You need a job description in your mind of what it is you’re responsible for and how you are still going to be able to perform the duties of your job, given what you’re asking for. A lot of managers have a hard time granting something that they’re afraid every other domino, every other person’s going to ask for, two, and they’re going to be left with nobody in the office.
So tend to that by saying, “Can we try this? Can we try this for two months or three months?” And what that does is it keeps your manager from feeling like he or she is signing in blood, that this is going to happen forever. And also, what you can know in the back of your mind is that if you’ve ever had a baby or if you have a baby, babies’ needs and schedules change by the month, if not by the week. So the truth is is when you revisit that conversation in two months or three months during which you’ve proven your plan to work, you may have a totally different need that’s actually more important to you in that time.
And that’s fine to sort of renege on what you did before and ask for something new because what it does is it just establishes a pattern of being able to have these conversations. There are no longer huge negotiations. It’s just how people who are managed and managing talk to each other all day long about how life and jobs are evolving. And that will happen for years as your needs change.
Negotiating a Raise
I love the question of, “How do you ask for a raise after coming back from maternity leave” because here’s the extremely simple answer.

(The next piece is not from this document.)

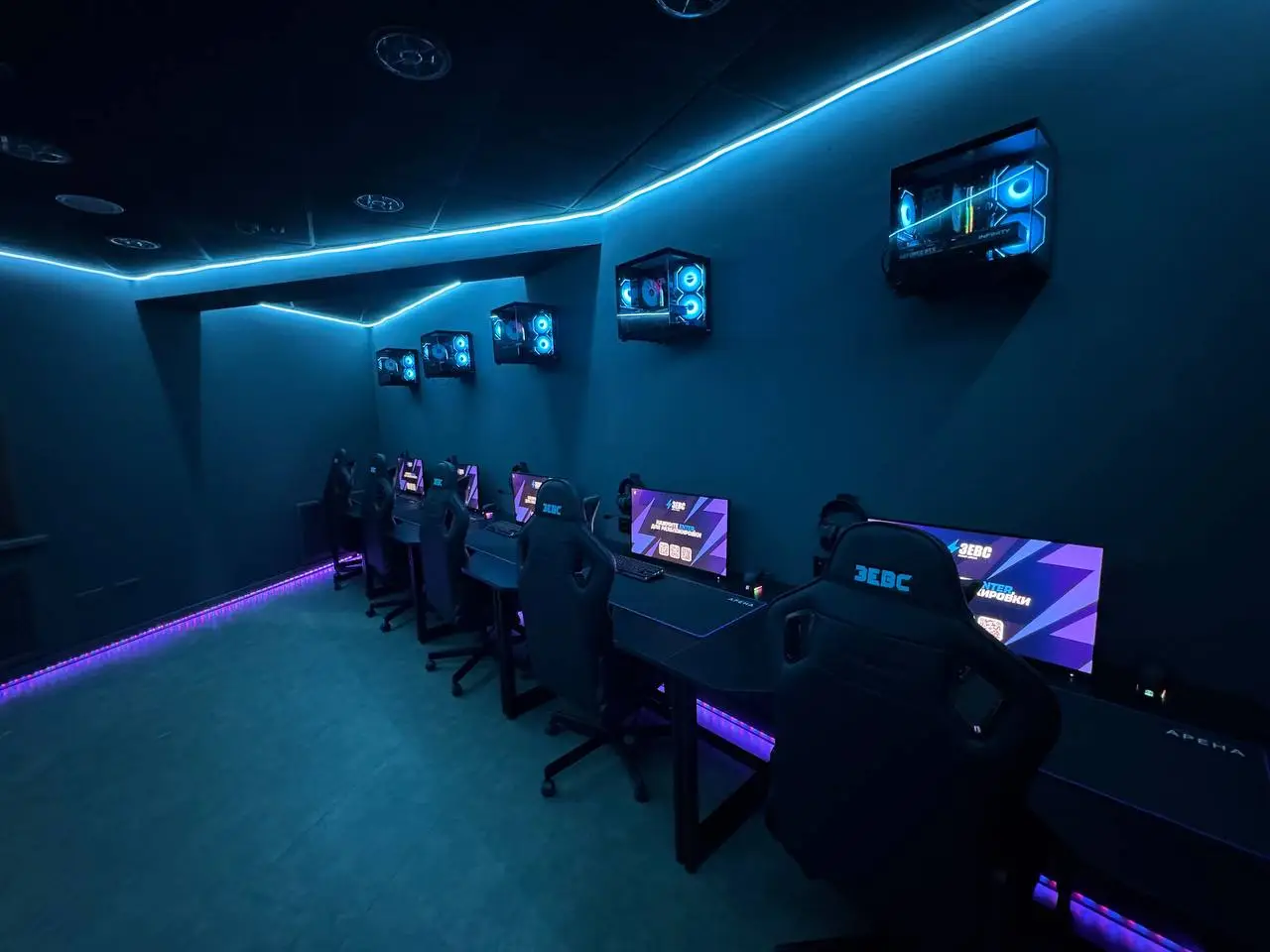 Изображение клуба ЗЕВС № 4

You ask for it no differently than you ever would have asked for it before. A raise is about a monetary reward for the work that you are doing. It’s compensation for your work. It actually has nothing to do with your personal life.
So you need to have context in mind. Yes, your needs in terms of what’s in your bank account may have changed in the last several months. However, if your company has a set time of year when they assess performance and compensation, you knew that, and you need to have that in mind, and you could present your boss with a plan for what you would need to do between now and then to get that raise. But it should really be entirely a conversation about duties and performance and not about your personal life.